The result should hold only the lines from the one with "Holiday Nouveau Gold" through the final line of the data below, transcribed exactly, pictures left out.

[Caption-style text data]
□ □ □ □ □ □ □
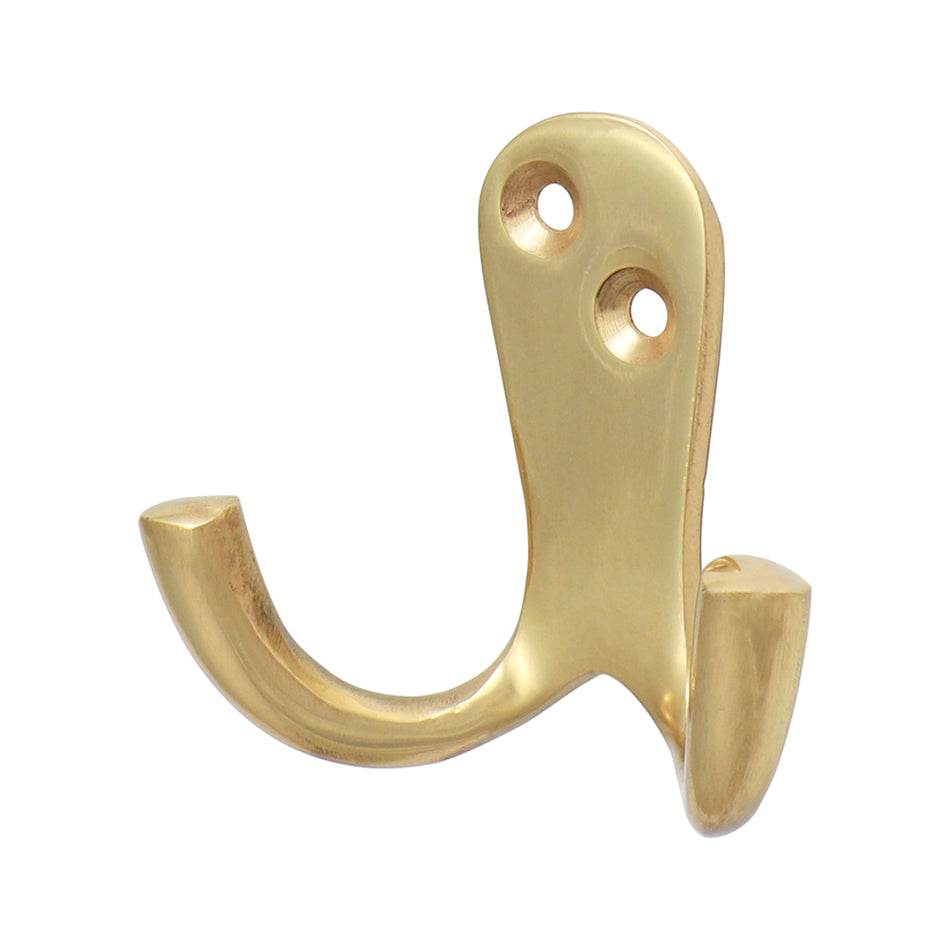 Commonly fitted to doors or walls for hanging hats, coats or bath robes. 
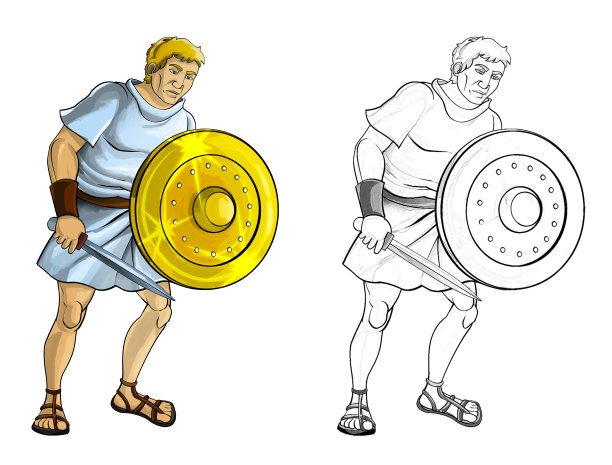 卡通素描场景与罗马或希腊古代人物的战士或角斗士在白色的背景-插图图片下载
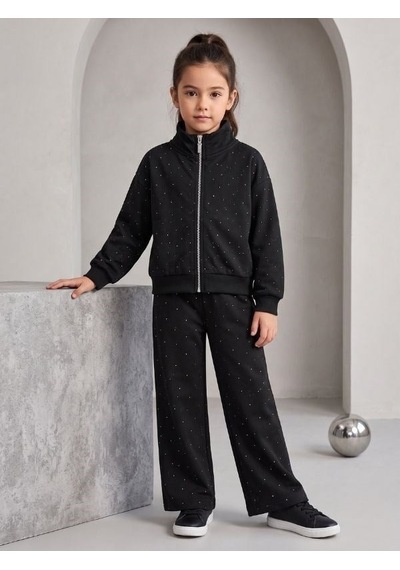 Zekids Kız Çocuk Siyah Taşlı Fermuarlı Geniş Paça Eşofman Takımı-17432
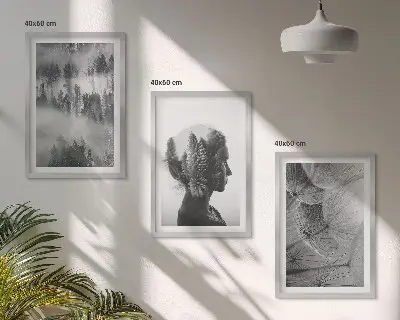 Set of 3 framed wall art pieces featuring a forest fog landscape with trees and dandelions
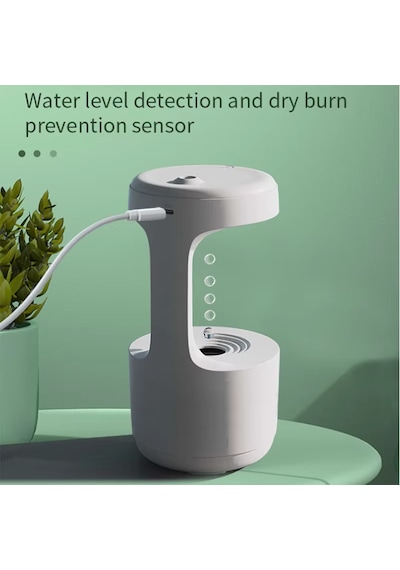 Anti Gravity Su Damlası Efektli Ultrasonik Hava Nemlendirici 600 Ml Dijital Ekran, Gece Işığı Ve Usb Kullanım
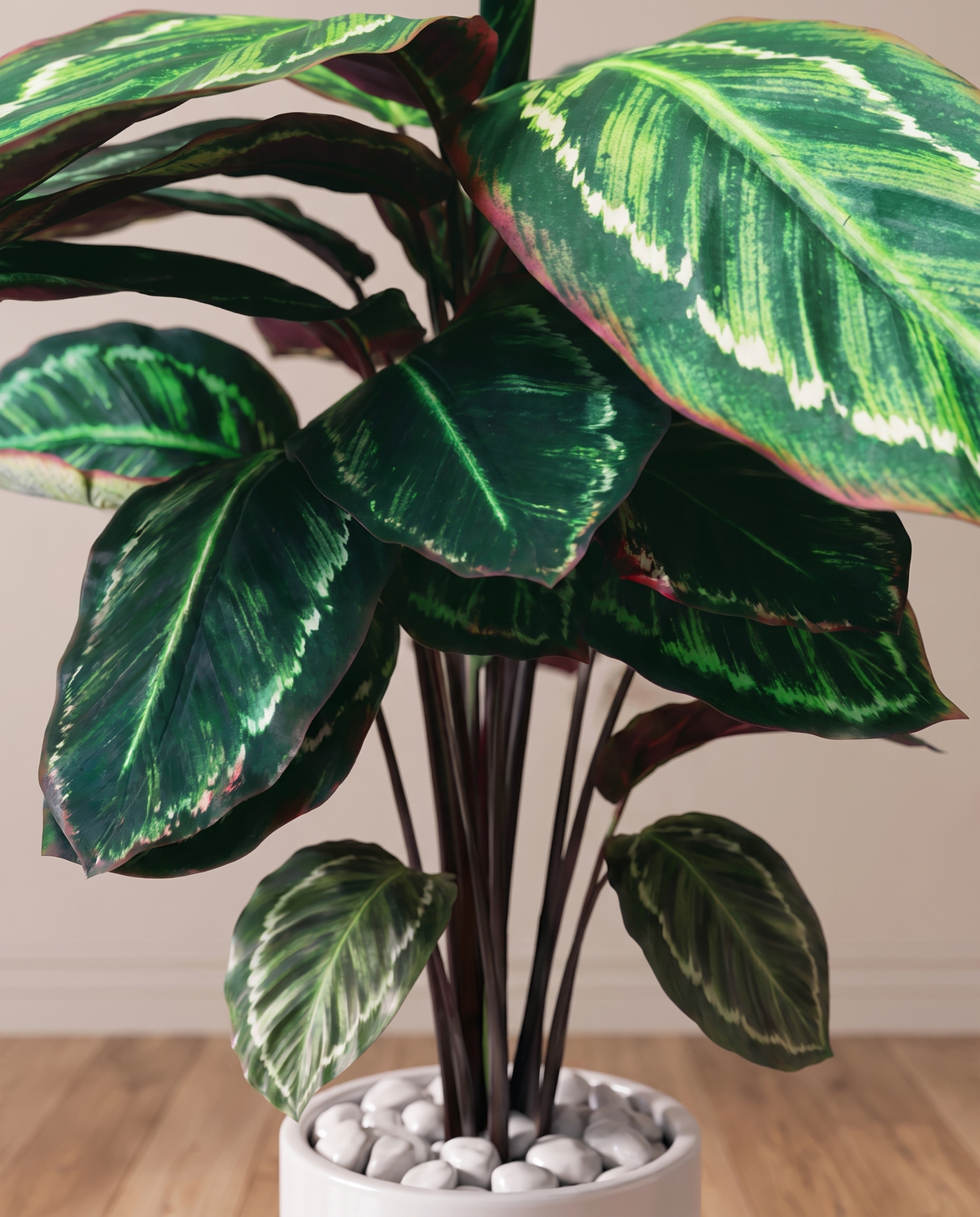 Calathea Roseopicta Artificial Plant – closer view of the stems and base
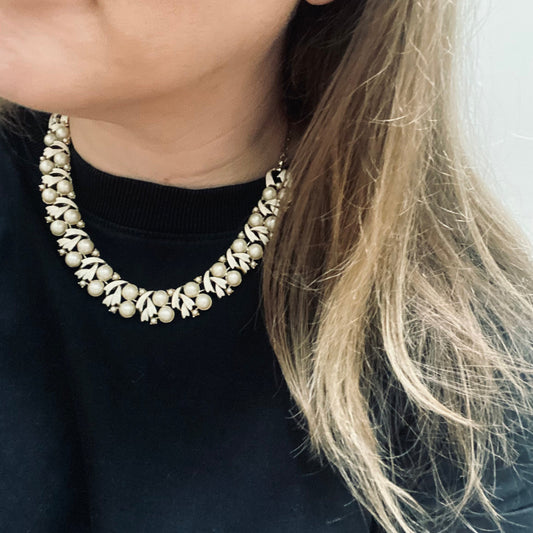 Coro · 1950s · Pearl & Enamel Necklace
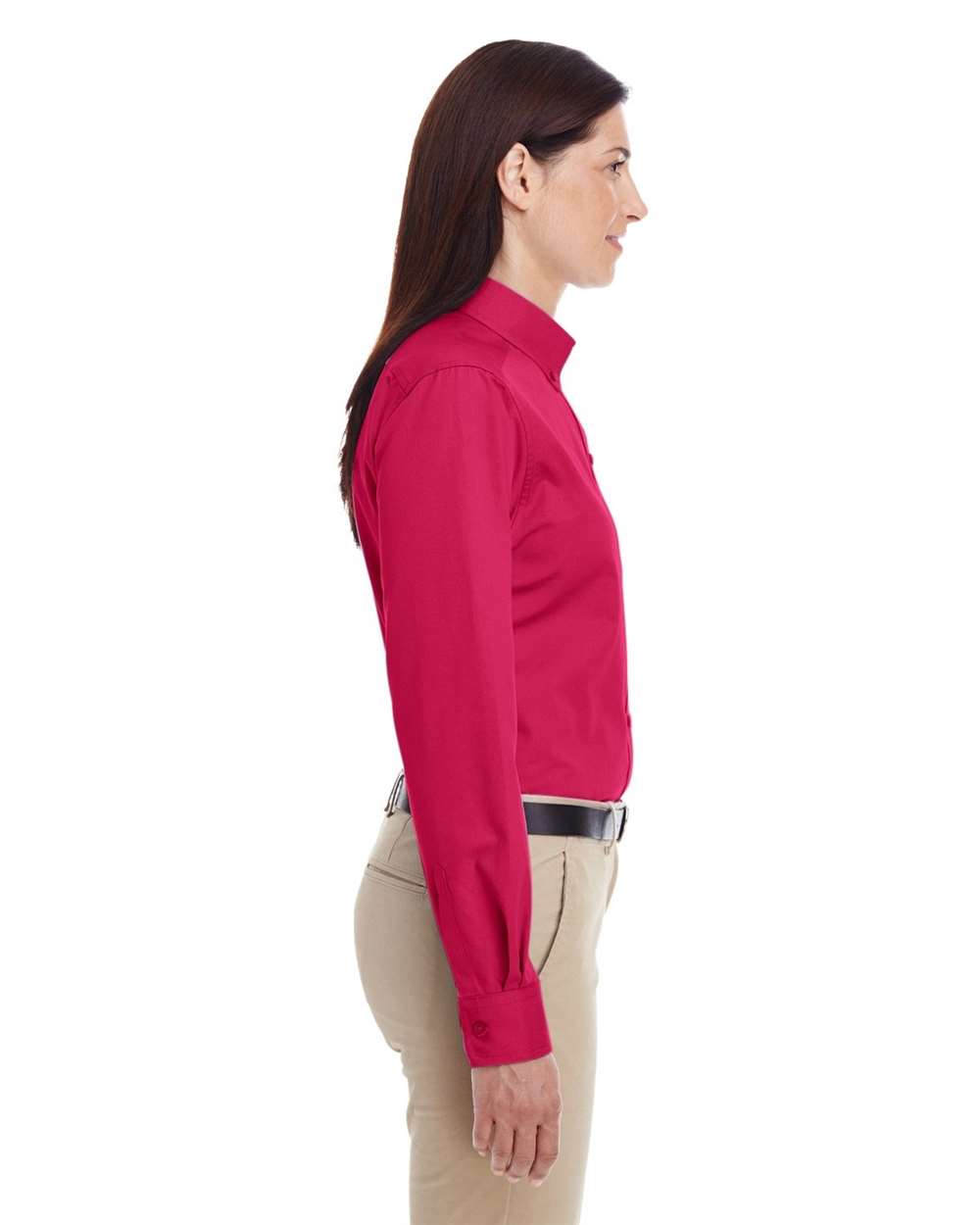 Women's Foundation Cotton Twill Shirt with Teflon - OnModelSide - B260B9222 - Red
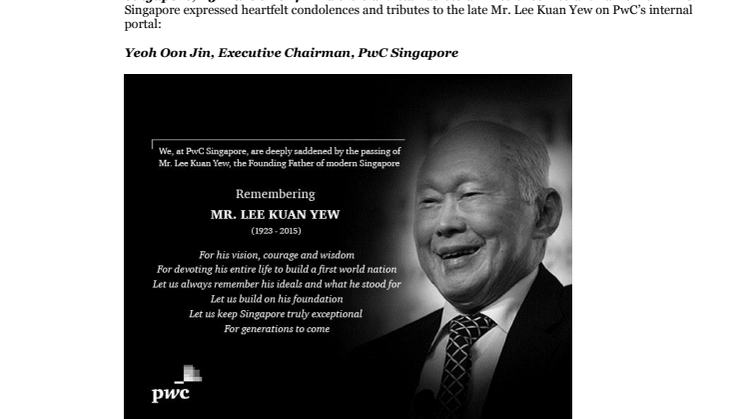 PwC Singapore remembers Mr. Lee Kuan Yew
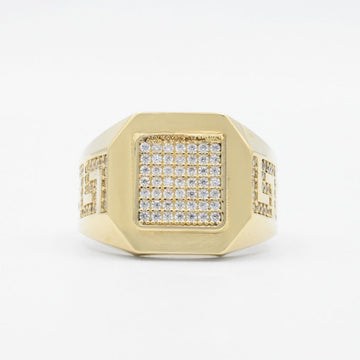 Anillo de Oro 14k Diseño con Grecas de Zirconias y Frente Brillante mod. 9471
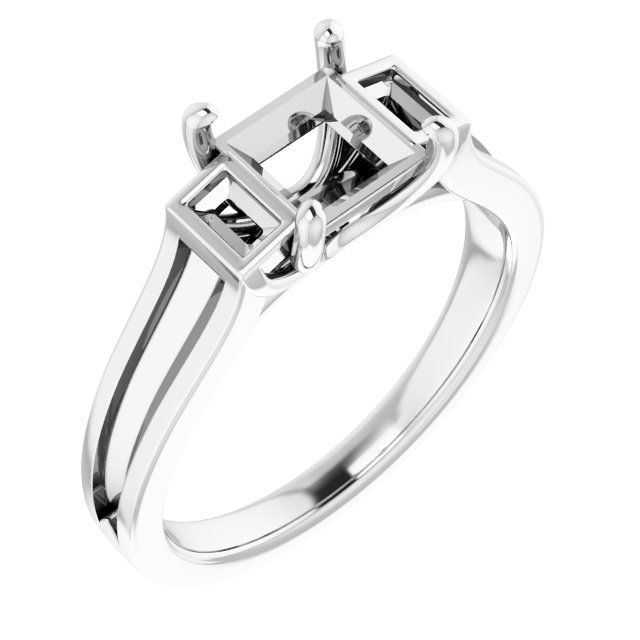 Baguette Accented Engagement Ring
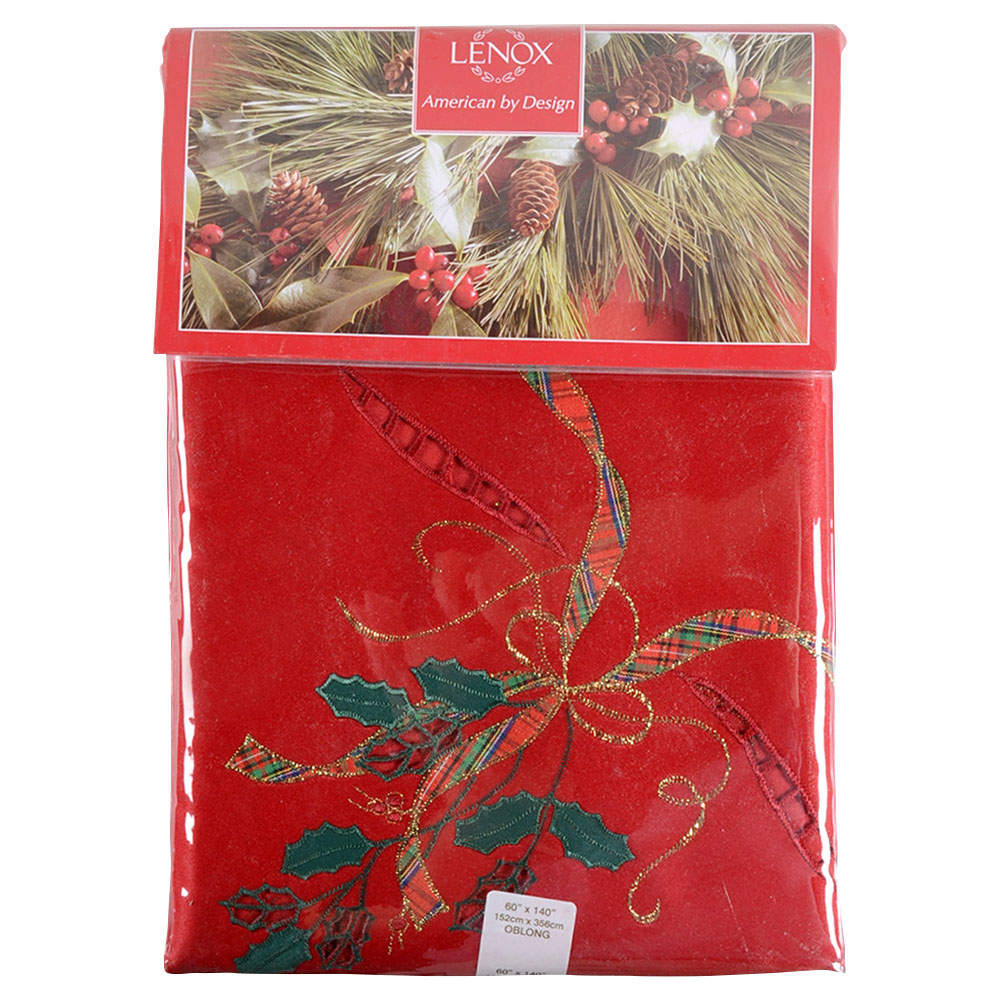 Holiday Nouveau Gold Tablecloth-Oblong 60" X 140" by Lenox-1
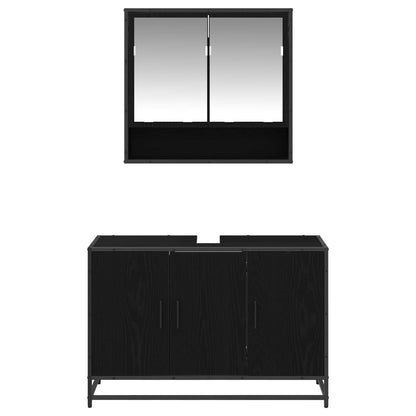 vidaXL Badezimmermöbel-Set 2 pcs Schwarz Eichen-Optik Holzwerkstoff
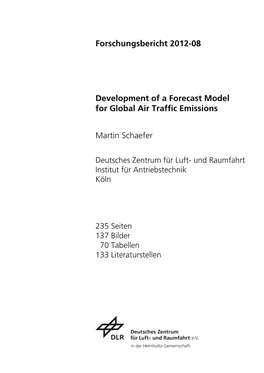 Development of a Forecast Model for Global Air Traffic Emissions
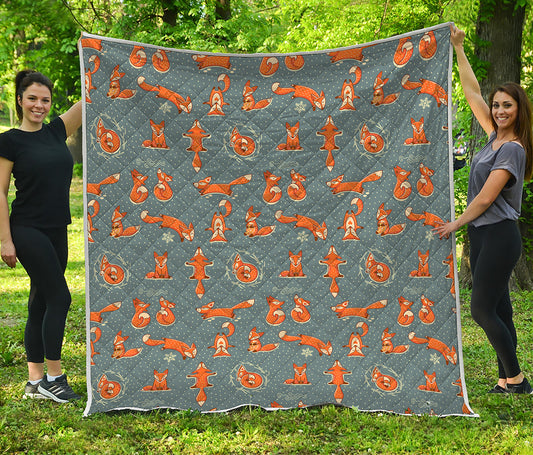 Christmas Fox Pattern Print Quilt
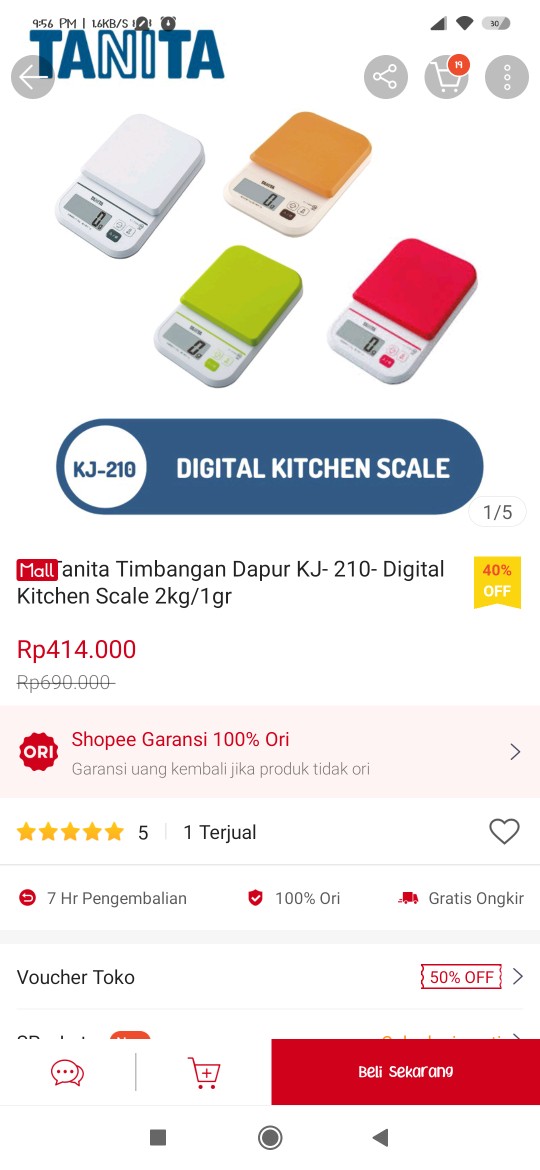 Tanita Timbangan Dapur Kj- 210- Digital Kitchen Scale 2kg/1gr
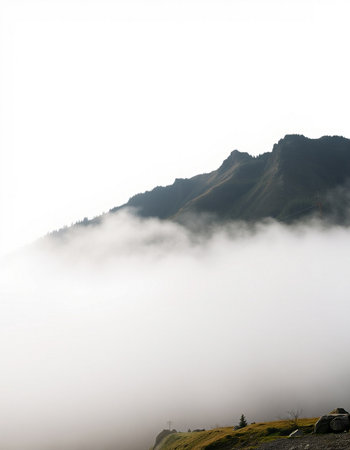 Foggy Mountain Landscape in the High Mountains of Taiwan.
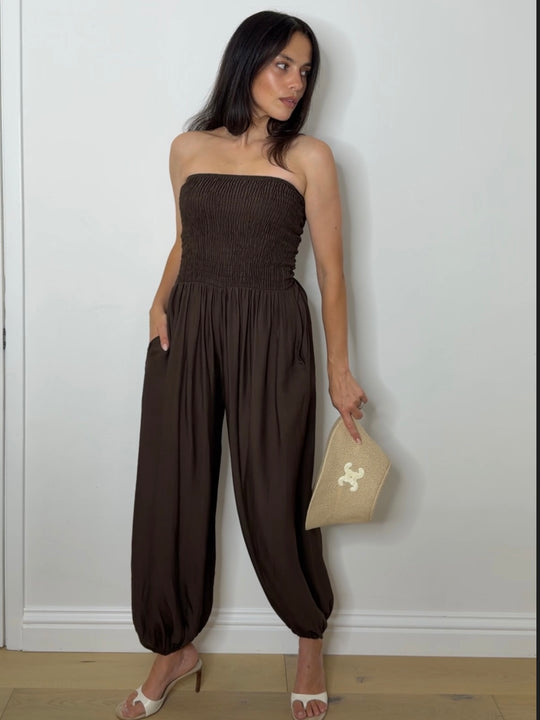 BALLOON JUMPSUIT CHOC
□ □ □ □ □ □ □
-- ANSWER BOX --
 Holiday Nouveau Gold Tablecloth-Oblong 60" X 140" by Lenox-1
 vidaXL Badezimmermöbel-Set 2 pcs Schwarz Eichen-Optik Holzwerkstoff
 Development of a Forecast Model for Global Air Traffic Emissions
 Christmas Fox Pattern Print Quilt
 Tanita Timbangan Dapur Kj- 210- Digital Kitchen Scale 2kg/1gr
 Foggy Mountain Landscape in the High Mountains of Taiwan.
 BALLOON JUMPSUIT CHOC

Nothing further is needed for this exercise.